In most states, APS caseworkers are the first responders to reports of abuse, neglect, and exploitation of vulnerable adults.
A vulnerable adult is defined as a person who is being mistreated or is in danger of mistreatment and who, due to age and/or disability, is unable to protect himself or herself.
Most APS programs serve both older and younger vulnerable adults. In some states, APS is responsible only for cases involving older adults (eligibility may be based on age, incapacity or vulnerability of the adult). A few APS programs serve only younger adults ages 18-59.

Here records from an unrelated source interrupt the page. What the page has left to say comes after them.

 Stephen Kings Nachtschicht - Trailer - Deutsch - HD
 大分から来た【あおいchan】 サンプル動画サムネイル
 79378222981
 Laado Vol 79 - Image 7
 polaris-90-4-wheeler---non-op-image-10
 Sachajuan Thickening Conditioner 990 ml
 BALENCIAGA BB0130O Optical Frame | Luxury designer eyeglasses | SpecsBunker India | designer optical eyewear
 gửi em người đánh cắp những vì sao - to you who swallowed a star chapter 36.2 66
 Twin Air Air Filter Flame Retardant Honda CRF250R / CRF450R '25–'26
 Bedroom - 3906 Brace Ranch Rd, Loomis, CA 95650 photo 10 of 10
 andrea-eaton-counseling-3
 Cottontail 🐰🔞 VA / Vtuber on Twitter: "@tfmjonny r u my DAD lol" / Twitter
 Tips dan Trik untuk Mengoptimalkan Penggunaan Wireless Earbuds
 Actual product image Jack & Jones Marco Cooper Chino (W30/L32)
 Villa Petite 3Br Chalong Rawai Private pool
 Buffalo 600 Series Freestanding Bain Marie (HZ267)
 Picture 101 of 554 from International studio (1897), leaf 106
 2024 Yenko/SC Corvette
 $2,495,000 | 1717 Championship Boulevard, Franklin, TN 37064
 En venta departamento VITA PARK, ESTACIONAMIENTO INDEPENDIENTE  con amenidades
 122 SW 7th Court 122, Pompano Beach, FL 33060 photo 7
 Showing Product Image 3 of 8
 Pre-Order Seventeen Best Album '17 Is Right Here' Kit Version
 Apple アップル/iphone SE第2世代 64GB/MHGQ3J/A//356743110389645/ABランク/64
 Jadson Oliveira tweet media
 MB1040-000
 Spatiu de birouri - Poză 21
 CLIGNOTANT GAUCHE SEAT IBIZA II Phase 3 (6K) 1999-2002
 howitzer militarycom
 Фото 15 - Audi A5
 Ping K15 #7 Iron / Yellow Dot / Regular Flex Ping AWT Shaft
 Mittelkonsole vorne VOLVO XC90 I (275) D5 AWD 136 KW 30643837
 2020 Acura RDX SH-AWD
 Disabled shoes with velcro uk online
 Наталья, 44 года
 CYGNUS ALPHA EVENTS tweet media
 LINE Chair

Adult protection interventions include, but are not limited to:
- Receiving reports of elder/vulnerable adult abuse, neglect, and/or exploitation
- Investigating these reports
- Assessing victim's risk
- Assessing victim's capacity to understand his/her risk and ability to give informed consent
- Developing case plan
- Arranging for emergency shelter, medical care, legal assistance, and supportive services
- Service monitoring
How the APS System Works
A REPORT IS MADE
- Someone suspects elder or vulnerable adult abuse, exploitation, or neglect.
- Person calls an abuse hotline or state or local APS office to report suspicion.
- If emergency, APS immediately forwards report to police or emergency medical staff.
- If the report does not meet the APS target population as defined by state law, the caller will be given information and/or referral to an appropriate agency.
- Report is assigned a priority response time based on the level of victim risk.
- Report is assigned to APS staff for investigation.
INVESTIGATION AND ASSESSMENT
- APS staff makes contact with victim within state-regulated timeframe, depending on the reported urgency of the situation.
- Caseworker assesses current victim risk factors.
- Caseworker assesses victim's capacity to understand current risk and to give informed consent for further investigation and service provision.
SUPPORT FOR THE VICTIM
- With the consent of the victim, APS caseworker develops service plan.
- Services may be provided directly by caseworkers, through arrangements with other community resources, or purchased by APS on a short-term, emergency basis.
- Victims of abuse, neglect, or exploitation may receive short-term services such as emergency shelter, home repair, meals, transportation, help with finanacial management, home health services, and medical and mental health services.
- APS caseworker may continue to monitor service provision to assure that victim risk is reduced or eliminated.
WHEN MALTREATMENT CANNOT BE CONFIRMED OR VICTIM REFUSES SERVICES
- Victims who have the capacity to understand their circumstances have the right to refuse services, regardless of the level of risk.
- In some states, competent adults have the right to refuse an APS investigation.
- APS caseworker may refer victim to other resources.
- Case is closed.
Adult Protective Services Laws
All fifty states and the District of Columbia have laws in effect authorizing the provision of adult protective services (APS) in cases of elder abuse.
Adult protection laws vary widely from state to state in:
- The age at or circumstances under which a victim is eligible to receive protective services; the definition of abuse
- Types of abuse, neglect and exploitation that are covered
- Classification of the abuse as criminal or civil
- Reporting (mandatory or voluntary)
- Investigation responsibility and procedures
- Remedies for abuse
Some state APS laws only apply to vulnerable citizens who are living alone or with family what is called "domestic abuse". Some go further to protect individuals who live in nursing homes and other long term care facilities ("institutional abuse").